48 Constant-Current Sink Output Channels
Sink Current Capability with Max BC/CC data:
- 25 mA at 5 VCC
- 20 mA at 3.3 VCC
Global Brightness Control (BC): 3-Bit (8-Step)
Color Brightness Control (CC) for Each Color
Group: 9-Bit (512-Step), Three Groups
LED Power Supply Voltage Up To 10 V
V_CC = 3.0 V to 5.5 V
Constant Current Accuracy
- Channel-to-Channel = ±1%(Typ), ±3%(Max)
- Device-to-Device = ±1%(Typ), ±2%(Max)
Data Transfer Rate: 25 MHz
Gray Scale Clock: 33 MHz
Pre-Charge FET to Avoid Ghosting Phenomenon
Enhanced Circuit for Caterpillar Cancelling
Low-Grayscale Enhancement
LED Open Detection (LOD)
Thermal Shut Down (TSD)
Operating Temperature: –40°C to 85°C

2 Applications

LED Video Displays with Multiplexing System
LED Signboards with Multiplexing system
High Refresh Rate & High Density LED Panel

3 Description

The TLC59581/82are 48-channel constant-current sink drivers. Each channel has an individually-adjustable, 65536-step, pulse width modulation (PWM) grayscale (GS) brightness control.

The TLC59581 can support 32-multiplexing while TLC59582 can support 16-multiplexing.

The output channels are divided into three groups. Each group has a 512-step color brightness control (CC). CC adjusts brightness control between colors. The maximum current value of all 48 channels can be set by 8-step global brightness control (BC). BC adjusts brightness deviation between LED drivers. GS, CC and BC data are accessible through a serial interface port.

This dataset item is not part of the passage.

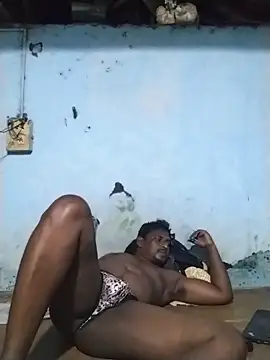 rohanhotguy online show from April 6, 5:47 pm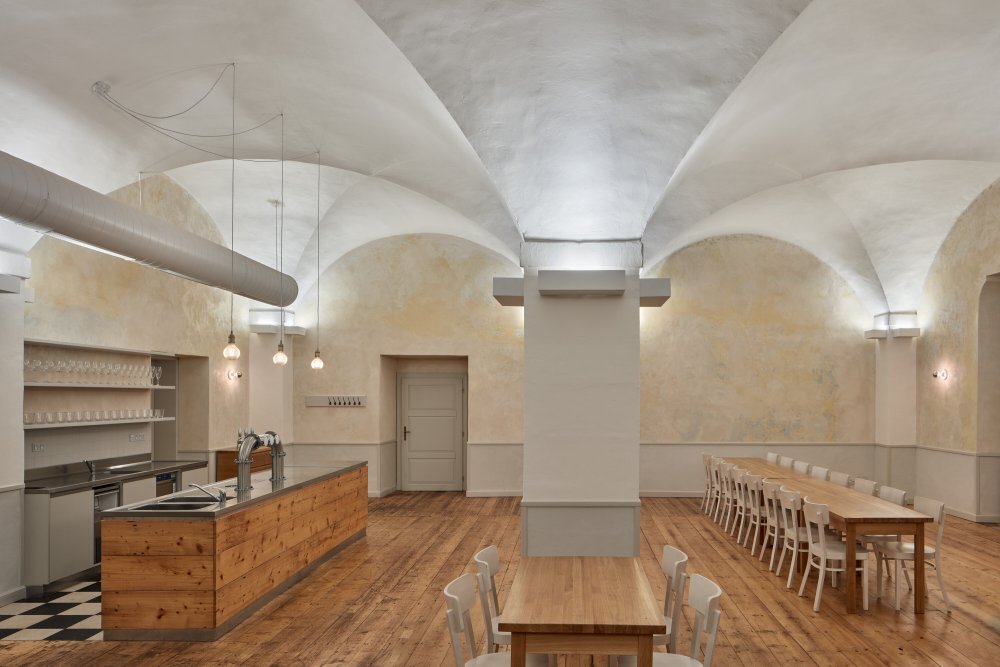 Hlavní část restaurace je přístupná, stejně jako původní hostinec, z ulice Růžová a tvoří ho trojice vysokých křížových kleneb.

See application note Build High Density, High Refresh Rate, Multiplexing LED Panel with TLC59581, SLVA744.

Device Information^⁽¹⁾

PART NUMBER	PACKAGE	BODY SIZE (NOM)
TLC59581	VQFN (56)	8.00 mm × 8.00 mm
TLC59582	VQFN (56)	8.00 mm × 8.00 mm

For all available packages, see the orderable addendum at the end of the data sheet.

Typical Application Schematic (Multiple Daisy-Chained TLC59581/82)

4 Revision History

Changes from * Revision (October 2015) to A Revision

Added TLC59582 device to data sheet. Go

5 Description (continued)

The TLC59581/82 device has one error flag: the LED open detection (LOD), which can be read through a serial interface port. To resolve this caterpillar issue caused by an open LED, the TLC59581/82 device has an enhanced circuit for caterpillar canceling, thermal shut down (TSD) and I_REF resistor short protection (ISP), which ensures a higher system reliability. The TLC59581/82 device also has a power-save mode that sets the total current consumption to 0.8 mA (typical) when all outputs are off. The TLC59581/82 device is a good solution to improve display performance of a multiplexing panel for low-grayscale patterns.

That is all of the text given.